I am delighted to promote and support another report on data challenges in social housing.
This one is written by Dr Simon Williams of Service Insights Ltd and a friend of Golden Marzipan.
The idea for this research study arose from our work delivering customer satisfaction surveys in the social housing sector. Housing providers often experience complications accessing what could be considered basic information, that is, combining tenant profile and property information into a single spreadsheet.
I say another report because so far, I have collected half a dozen similar reports in the last year, including:
- Better Social Housing Report
- Regulator for Social Housing reports and consultations on Tenancy Satisfaction Measures, Consumer Regulation, and Sector Risk Profile
- Housing Ombudsman’s Spotlight Report on Knowledge and Information Systems.
The latter is also eminently readable and highly referenced in Dr Williams’s study.
You can download a full copy of the report at Research: Data Challenges in Social Housing – BCN
The report is highly readable, and I found the section on the impact on housing association staff the most interesting. This section illustrates how inaccurate data leads to poor decision-making, inaccurate reporting, operational inefficiencies, missed opportunities, and negative customer experiences. Employees express frustration with disparate data sources, manual manipulation, and a tendency to accept data challenges as normal.
But all is not lost. Artificial Intelligence can improve productivity, and continued investment in information systems and cloud computing can improve things.
There are five recommendations covering silos, data quality, culture, and systems. The fifth and most important
Consider a sector-wide data strategy: As part of this research, an employee observed that, “Demands on social housing are increasing, data is becoming more important… maybe it’s time we need a sector-wide data strategy?”.
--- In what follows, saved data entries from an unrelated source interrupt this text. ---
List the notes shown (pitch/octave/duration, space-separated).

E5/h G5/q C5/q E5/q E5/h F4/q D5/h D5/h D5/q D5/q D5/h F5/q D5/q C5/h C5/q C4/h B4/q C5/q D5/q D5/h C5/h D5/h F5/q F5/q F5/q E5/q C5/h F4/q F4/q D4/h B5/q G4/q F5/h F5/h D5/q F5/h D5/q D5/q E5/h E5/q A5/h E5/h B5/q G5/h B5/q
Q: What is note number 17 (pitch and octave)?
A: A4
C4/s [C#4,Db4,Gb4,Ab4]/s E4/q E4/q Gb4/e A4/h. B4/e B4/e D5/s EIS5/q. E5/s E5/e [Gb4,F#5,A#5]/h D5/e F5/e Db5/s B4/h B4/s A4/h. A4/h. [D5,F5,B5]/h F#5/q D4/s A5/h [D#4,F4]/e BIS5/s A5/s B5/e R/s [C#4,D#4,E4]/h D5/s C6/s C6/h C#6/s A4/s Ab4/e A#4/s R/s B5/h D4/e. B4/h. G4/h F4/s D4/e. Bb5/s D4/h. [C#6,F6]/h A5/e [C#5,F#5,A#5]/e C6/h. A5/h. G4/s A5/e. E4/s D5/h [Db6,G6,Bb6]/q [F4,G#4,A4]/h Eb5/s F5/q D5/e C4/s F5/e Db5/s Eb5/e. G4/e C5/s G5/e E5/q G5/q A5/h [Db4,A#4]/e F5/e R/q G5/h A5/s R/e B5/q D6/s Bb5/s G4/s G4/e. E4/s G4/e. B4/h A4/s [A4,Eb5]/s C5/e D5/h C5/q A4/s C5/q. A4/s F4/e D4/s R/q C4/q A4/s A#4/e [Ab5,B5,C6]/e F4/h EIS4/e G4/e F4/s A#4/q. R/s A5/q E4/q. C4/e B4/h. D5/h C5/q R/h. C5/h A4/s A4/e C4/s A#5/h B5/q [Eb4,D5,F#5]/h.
This may form the basis of useful debate. Because all social landlords will have similarities through the management of their homes and tenants, in principle, these similarities could be replicated at a much larger scale – through standardised practices technologically, and though standardised data terminology.
If this or similar approaches were undertaken to bring housing management data closer together at scale, it may lay even greater foundations and opportunities for maximising new knowledge gained through artificial intelligence to the benefit of the sector as a whole.
There are considerable overlaps with our thinking on the National Database for Social Housing Properties.
The Case for A National Database of Social Housing Property | Golden Marzipan
So, who is going to lead us on this quest from the Holy Grail?